Hi All,

Let's assume we have a use case where we need to count the number of columns for a given key. Let's say the key is the URL and the column-name is the IP address or any cardinality identifier.

The straight forward implementation seems to be simple, just inserting the IP Adresses as columns under the key defined by the URL and using get_count to count them back. However the problem here is in case of large rows (where too many IP addresses are in); the get_count method has to de-serialize the whole row and calculate the count. As also defined in the user guides, it's not an O(1) operation and it's quite costly.

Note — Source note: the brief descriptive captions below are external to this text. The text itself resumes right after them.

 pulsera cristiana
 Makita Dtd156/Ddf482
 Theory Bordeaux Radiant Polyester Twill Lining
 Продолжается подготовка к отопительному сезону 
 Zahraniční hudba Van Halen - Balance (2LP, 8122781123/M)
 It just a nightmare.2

However, this problem seems to have better solutions if you don't have a strict requirement for the count to be exact. There are streaming algorithms that will provide good cardinality estimations within a predefined failure rate, I think the most popular one seems to be the (Hyper)LogLog algorithm, also there's an optimal one developed recently, please check http://dl.acm.org/citation.cfm?doid=1807085.1807094

If you want to take a look at the Java implementation for LogLog, Clearspring has both LogLog and space optimized HyperLogLog available at https://github.com/clearspring/stream-lib

I don't see a reason why this can't be implemented in Cassandra. The distributed nature of all these algorithms can easily be adapted to Cassandra's model. I think most of us would love to see come cardinality estimating columns in Cassandra.